Survei SMRC: 59 Persen Publik Nilai Jaksa Tak Bersih dari Suap
- ANTARA FOTO/Widodo S. Jusuf
VIVA – Lembaga Saiful Mujani Research and Consulting (SMRC) mengadakan survei penilaian ‘sikap publik terhadap kinerja Kejaksaan’ yang dilakukan pada 31 Juli sampai 2 Agustus 2021, dengan 1000 responden yang dipilih secara acak dan margin of error diperkirakan +/- 3,2 persen pada tingkat kepercayaan 95 persen.
Direktur Riset SMRC, Deni Irvani mengatakan Kejaksaan merupakan salah satu lembaga negara yang berperan penting dalam menegakkan hukum dan keadilan di Indonesia disamping pengadilan, kepolisian dan KPK.
“Dalam menjalankan fungsinya, kejaksaan dan jaksa diharapkan bersih dari praktik korupsi, independen dan dapat menangani kasus-kasus hukum secara serius serta profesional,” kata Deni melalui keterangannya pada Kamis, 19 Agustus 2021.
Untuk itu, kata Deni, pihaknya melakukan evaluasi sejuah mana Kejaksaan dibawah Jaksa Agung ST Burhanuddin menjalankan fungsinya sebagai lembaga penegak hukum yang berintegritas, independen dan profesional dengan memperhatikan penilaian masyarakat umum.
“Termasuk bagaimana penilaian publik terhadap isu terkait Kejaksaan menangani kasus Pinangki Sirna Malasari, penyitaan aset tersangka kasus Asabri dan Jiwasraya, lelang jabatan Kajati serta seleksi CPNS,” ujarnya.

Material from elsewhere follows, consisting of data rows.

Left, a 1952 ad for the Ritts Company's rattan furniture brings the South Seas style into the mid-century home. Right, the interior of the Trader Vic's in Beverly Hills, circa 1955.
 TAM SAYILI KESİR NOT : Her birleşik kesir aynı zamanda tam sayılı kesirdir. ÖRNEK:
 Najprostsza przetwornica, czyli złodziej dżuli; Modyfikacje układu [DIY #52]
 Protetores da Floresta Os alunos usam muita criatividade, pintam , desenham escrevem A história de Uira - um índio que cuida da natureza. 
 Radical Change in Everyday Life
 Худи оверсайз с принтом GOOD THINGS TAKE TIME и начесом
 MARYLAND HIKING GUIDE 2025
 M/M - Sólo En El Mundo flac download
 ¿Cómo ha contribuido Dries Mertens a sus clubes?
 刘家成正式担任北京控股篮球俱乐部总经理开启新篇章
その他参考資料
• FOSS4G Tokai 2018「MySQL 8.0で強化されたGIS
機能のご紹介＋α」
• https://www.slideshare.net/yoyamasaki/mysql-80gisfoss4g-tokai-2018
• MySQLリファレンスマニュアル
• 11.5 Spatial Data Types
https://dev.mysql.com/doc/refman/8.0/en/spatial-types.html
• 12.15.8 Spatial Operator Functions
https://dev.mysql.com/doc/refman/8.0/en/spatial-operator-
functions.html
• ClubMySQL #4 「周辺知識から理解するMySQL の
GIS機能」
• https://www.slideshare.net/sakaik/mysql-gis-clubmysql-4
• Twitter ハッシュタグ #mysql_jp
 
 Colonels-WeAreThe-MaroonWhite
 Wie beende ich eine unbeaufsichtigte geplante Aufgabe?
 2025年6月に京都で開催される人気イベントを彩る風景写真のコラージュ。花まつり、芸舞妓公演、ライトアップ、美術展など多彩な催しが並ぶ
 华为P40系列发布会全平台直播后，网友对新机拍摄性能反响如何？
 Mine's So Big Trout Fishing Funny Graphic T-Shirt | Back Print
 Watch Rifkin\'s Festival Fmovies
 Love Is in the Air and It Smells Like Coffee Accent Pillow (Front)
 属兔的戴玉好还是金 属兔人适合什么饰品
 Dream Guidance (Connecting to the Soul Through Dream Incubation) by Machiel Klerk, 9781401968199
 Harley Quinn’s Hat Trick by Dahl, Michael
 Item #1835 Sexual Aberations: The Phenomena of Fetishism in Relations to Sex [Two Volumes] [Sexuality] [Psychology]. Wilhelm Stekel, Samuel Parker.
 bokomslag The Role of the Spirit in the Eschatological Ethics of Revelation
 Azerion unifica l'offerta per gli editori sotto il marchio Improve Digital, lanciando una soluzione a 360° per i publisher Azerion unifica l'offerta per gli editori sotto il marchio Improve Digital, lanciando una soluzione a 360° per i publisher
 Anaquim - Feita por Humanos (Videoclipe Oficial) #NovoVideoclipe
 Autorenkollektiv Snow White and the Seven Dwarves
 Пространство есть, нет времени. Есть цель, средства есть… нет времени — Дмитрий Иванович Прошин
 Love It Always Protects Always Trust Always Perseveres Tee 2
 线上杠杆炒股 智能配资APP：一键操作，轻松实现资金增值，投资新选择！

Pada umumnya, kata dia, publik menilai kurang positif terhadap penegakan hukum di Indonesia sekarang ini. Menurut dia, kondisi penegakan hukum sekarang buruk/sangat buruk sebesar 41,2 persen lebih banyak dibanding yang menilai baik/sangat baik 25.6 persen.
“Yang menilai sedang 30.1 persen, dan yang tidak menjawab sekitar 3.2 persen,” jelas dia.
Sementara, Deni mengungkap kepercayaan publik terhadap lembaga-lembaga penegak hukum yakni sebesar 61 persen warga sangat/cukup percaya pada pengadilan; kurang/tidak percaya 35 persen; dan tidak menjawab 4 persen.
Adapun, kata Deni, publik sangat atau cukup percaya ada 59 persen; kurang atau tidak percaya sebesar 36 persen dan tidak tahu atau tidak jawab cuma 4 persen. Lalu, publik yang sangat atau cukup percaya pada Polri sekitar 58 persen; kurang atau tidak percaya 38 persen; dan tidak tahu atau tidak jawab cuma 3 persen.
Selanjutnya, publik sangat atau cukup percaya pada KPK sebesar 60 persen; kurang atau tidak percaya ada 36 persen; dan tidak tahu atau tidak jawab cuma 4 persen. “Secara umum tingkat kepercayaan warga terhadap lembaga hukum hampir sama, tidak terlalu tinggi meski yang percaya masih diatas 50 persen,” katanya.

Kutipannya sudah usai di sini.